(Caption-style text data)
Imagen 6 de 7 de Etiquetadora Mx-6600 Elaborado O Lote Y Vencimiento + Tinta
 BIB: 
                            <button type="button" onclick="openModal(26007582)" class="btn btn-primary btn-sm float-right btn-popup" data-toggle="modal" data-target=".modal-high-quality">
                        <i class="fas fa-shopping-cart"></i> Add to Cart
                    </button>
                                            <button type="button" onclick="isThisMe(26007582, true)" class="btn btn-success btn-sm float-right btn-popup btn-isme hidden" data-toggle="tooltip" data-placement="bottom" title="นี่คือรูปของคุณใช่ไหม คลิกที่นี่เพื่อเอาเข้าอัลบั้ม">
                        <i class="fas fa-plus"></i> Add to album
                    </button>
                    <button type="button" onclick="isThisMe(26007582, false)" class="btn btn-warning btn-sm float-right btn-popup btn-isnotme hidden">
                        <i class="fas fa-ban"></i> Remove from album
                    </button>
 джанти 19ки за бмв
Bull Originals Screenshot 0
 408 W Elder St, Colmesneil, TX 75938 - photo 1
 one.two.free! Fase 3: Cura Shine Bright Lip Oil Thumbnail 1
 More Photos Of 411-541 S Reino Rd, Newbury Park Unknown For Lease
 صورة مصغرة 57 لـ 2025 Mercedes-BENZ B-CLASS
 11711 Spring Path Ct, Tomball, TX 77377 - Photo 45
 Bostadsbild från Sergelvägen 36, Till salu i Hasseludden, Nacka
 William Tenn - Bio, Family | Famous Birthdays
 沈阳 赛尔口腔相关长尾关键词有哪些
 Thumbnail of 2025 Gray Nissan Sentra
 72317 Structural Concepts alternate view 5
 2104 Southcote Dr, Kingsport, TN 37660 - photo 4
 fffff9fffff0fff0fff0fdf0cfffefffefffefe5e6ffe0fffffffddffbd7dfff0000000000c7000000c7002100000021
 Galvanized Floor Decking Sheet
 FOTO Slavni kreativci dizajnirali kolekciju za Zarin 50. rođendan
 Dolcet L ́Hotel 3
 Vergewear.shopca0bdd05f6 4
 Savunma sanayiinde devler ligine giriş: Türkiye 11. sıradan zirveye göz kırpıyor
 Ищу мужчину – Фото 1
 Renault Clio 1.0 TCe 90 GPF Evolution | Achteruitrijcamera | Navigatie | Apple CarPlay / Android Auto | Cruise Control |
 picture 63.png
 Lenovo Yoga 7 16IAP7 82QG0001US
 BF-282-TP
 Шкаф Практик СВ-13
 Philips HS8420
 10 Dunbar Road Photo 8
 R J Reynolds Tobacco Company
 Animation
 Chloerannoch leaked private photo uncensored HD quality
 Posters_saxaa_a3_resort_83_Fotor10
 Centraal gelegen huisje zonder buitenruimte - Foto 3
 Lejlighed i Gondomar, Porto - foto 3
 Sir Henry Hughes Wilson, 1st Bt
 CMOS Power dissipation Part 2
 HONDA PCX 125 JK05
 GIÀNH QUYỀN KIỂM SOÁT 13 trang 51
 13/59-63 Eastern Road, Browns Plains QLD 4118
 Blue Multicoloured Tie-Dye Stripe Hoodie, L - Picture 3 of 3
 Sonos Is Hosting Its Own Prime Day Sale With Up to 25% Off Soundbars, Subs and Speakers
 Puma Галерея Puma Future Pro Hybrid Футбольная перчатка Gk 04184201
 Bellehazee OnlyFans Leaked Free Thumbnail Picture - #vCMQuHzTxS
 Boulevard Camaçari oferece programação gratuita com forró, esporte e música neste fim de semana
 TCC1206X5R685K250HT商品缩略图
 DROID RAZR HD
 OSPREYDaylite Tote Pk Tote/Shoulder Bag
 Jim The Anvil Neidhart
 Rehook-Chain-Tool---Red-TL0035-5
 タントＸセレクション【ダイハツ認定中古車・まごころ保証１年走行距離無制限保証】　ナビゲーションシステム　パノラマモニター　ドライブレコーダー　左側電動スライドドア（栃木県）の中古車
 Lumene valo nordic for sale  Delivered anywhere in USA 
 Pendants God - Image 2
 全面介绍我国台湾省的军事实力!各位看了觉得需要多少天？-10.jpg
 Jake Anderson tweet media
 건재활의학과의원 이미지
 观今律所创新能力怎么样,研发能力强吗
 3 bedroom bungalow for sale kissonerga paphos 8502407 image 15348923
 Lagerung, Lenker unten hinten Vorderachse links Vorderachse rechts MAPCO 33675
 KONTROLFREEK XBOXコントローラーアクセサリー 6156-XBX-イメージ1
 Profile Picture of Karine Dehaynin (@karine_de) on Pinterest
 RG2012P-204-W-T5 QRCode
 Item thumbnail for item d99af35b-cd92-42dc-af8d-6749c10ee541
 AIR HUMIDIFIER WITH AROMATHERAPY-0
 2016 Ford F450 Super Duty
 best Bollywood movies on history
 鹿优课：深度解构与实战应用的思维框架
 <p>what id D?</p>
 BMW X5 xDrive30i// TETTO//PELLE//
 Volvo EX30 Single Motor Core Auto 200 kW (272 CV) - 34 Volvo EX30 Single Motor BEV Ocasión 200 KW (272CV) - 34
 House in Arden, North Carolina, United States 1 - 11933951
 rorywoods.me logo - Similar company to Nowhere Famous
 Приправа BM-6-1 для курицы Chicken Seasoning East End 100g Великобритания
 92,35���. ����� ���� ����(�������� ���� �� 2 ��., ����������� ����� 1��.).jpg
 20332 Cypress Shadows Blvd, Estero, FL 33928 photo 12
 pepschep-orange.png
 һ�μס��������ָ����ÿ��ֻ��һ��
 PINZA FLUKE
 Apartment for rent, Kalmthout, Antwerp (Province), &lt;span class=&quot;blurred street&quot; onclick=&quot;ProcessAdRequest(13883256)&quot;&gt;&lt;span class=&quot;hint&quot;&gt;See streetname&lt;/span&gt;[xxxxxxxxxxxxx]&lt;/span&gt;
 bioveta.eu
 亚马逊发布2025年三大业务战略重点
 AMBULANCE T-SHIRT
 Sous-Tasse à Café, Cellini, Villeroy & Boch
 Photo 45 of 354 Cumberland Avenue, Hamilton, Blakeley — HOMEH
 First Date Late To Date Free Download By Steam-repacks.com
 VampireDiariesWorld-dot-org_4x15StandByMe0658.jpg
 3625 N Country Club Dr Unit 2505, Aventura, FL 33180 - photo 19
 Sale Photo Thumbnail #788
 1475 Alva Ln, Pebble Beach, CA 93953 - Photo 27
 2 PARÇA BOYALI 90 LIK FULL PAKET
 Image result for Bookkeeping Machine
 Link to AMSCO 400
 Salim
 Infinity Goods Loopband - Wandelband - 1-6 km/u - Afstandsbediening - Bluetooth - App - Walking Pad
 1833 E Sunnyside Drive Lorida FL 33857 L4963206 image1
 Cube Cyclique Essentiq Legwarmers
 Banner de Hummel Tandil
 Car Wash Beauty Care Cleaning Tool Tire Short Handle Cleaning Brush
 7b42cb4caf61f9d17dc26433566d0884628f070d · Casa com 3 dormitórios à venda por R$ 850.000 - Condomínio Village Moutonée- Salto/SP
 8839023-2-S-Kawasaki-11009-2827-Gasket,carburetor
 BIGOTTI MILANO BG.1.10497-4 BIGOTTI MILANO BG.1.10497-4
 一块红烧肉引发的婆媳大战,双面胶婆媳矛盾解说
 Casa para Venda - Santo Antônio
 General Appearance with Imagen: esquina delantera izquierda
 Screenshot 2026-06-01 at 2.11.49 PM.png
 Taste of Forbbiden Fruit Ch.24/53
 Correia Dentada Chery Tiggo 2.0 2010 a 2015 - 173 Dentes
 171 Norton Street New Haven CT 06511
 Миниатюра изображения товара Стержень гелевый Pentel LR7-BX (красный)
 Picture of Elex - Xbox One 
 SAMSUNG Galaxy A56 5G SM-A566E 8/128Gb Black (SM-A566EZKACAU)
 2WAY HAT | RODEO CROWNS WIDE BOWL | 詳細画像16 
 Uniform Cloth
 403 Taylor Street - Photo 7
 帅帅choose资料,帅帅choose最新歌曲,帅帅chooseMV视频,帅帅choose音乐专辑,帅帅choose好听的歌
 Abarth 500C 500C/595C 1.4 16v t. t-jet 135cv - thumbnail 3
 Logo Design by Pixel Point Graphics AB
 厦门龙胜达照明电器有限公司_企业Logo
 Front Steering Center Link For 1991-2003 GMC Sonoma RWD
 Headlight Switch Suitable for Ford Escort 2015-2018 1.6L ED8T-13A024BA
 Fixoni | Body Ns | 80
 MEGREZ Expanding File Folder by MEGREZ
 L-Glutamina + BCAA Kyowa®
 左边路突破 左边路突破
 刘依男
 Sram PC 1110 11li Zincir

→ Exercise instructions
State only how many lines above hold the string "Auto".

→ Reply
2